Glenn and Nannie (Smith) Duck newspaper article
[Grand Junction, Colorado Daily Sentinel, undated (ca. 1987), by Melissa Pollen]

Mutual love affair keeps 75-year marriage strong



Glenn Duck had a notion in 1910 — suggested by his father, of course — that if he kept that cow moving for Mr. Smith all the way back from the farm sale, he might be rewarded for his labors.

And rewarded he was with his choice of any one of Mr. Smith's three daughters. Well, sort of.

Glenn married his choice, Nannie Smith, on March 4, 1912, in Alva, Okla. But their love is a mutual affair, and after nearly 75 years of marriage, the two are still together in their Grand Junction home.

Glenn and Nannie met one day when he went to her house to play a table game with her brother.

"I thought she was pretty nice," Glenn confided with a little grin.

After two years of courting, they decided maybe it was time to tie the knot.

"Everyone else was getting married," said Nannie, who also noted she was impressed by, "that pretty little buggy and horse Glenn had when we were courting."

Their life together has seen many changes, some good, some bad. Through it all, Glenn and Nannie, both 94, continue to take life, as she says, "one day at a time."

At the start of their marriage, Glenn was working as a barber. They later moved to a farm with the help of their parents and families, who gave them a cow and some chickens to get started.

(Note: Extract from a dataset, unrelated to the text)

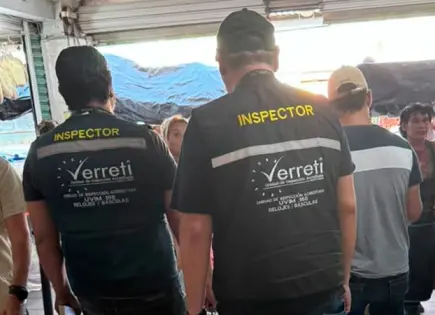 Detectan locatarios inspectores piratas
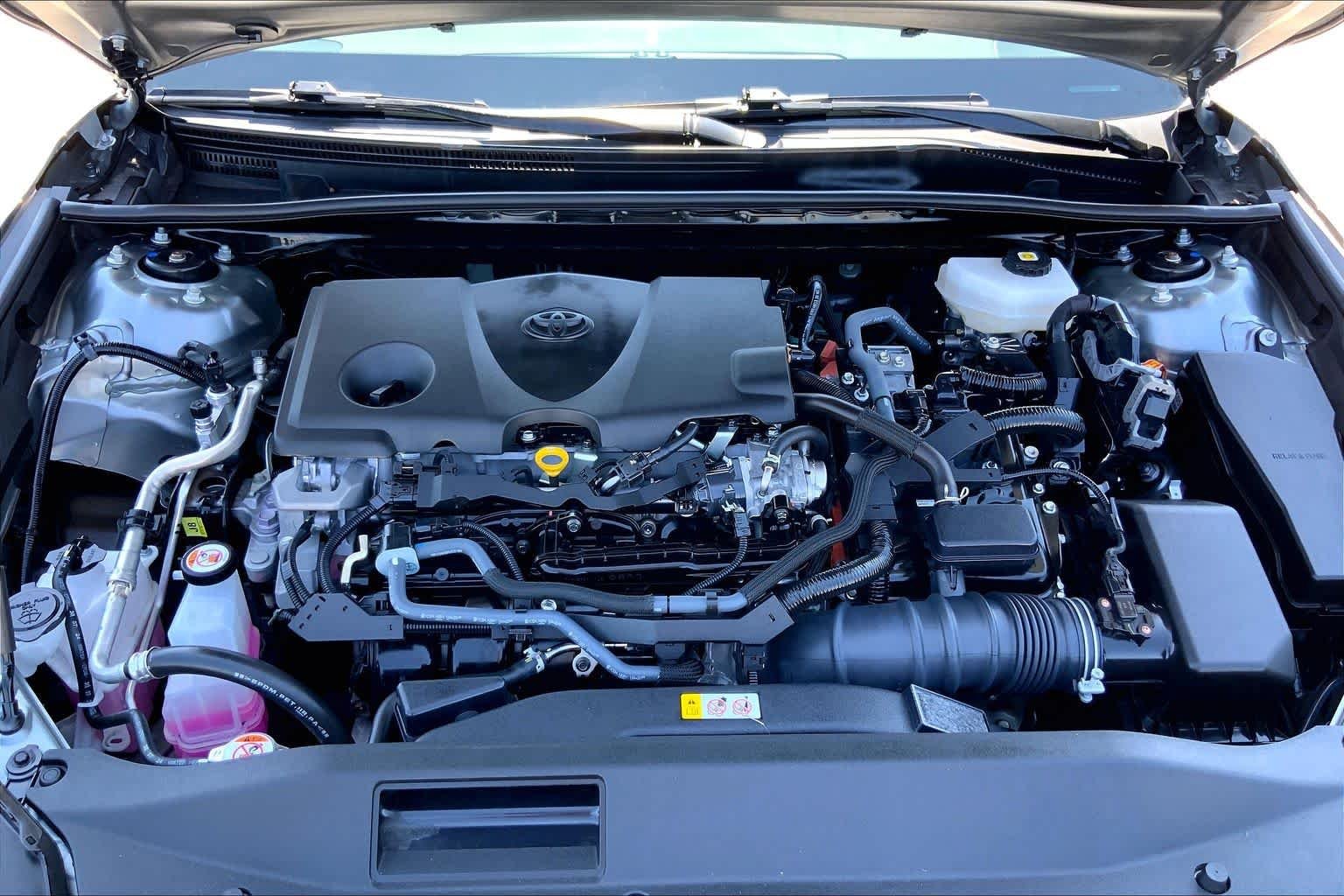 Used 2025 Heavy Metal Toyota SE image 31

Glenn would work all day in the field and after they put their children to bed in the evenings, Nannie would spend hours helping Glenn learn to use a telegraph. Nannie would send Glenn all the news from the local paper and he would write it down.

When their wheat crop failed one year, it was their diligent practice and time all those evenings that helped Glenn get his job as a telegrapher and agent for the Atchison, Topeka and Sante Fe Railroad. Glenn was good at his job, too, and faithfully worked for 28 years.

Glenn lost most of his hearing and had to take early retirement when lightning struck the telegraph wire he was working with during a storm. Although that was many years ago, Glenn can sometimes still hear the ticking noise of the telegraph.

Nannie spent her days at home doing handiwork and cooking. According to Glenn, "She's a good cook and she learned to telegraph," making her a good wife for him.

Glenn and Nannie have outlived their four children. A daughter, Olive, and a son, Ray Daniel, both died in infancy. Their oldest son, Lester, died in 1970 at the age of 58 and another son, Vernon, died in 1983.

When their children were young, Nannie would gather them in front of her and read to them. Vernon developed the ability to read a book very well looking at it upside down because of the many hours spent in front of his mother who held the book in her lap.

Nannie and Glenn believe they raised good and smart boys.

"They had a little mischief in them like all boys, but they were smart, too," Nannie said.

"I may be old-fashioned, but I still believe women should stay home and take care of their children."

Nannie remembers one particularly scary time when they lived in Kansas and Glenn was sick. To summon the doctor, she had to walk at night through a pasture for nearly a mile to get to a neighbor's house. She was afraid of the unpredictable farm animals.

"I took my gun though and made it," she quickly added, exposing a hint of her determination and strength.

The Ducks moved to Grand Junction area in 1948. They came to visit their son, Vernon, and his wife, Arvis, and just never left.

The couple are content with their lives and consider the church to have been a strong influence on them. The elders of the Clifton Church still bring communion to their home every Sunday.

Nannie said she believes that part of their happiness has come because Glenn never drank, smoked or gambled, though he does have a little annoying habit of "turning off his hearing aid when I talk too much or raise my voice."

Glenn and Nannie have done pretty well even though, "his mother always thought I would be the death of him because I made him fried potatoes and he loved them," said Nannie, with a little laugh. "She didn't think they were very good for him."

Glenn and Nannie have raised their children, struggled through hard times, and shared their accomplishments. They seem happy, though they may have a little disagreement now and then.

Nannie noted she can still call Glenn "smarty pants" and get away with it.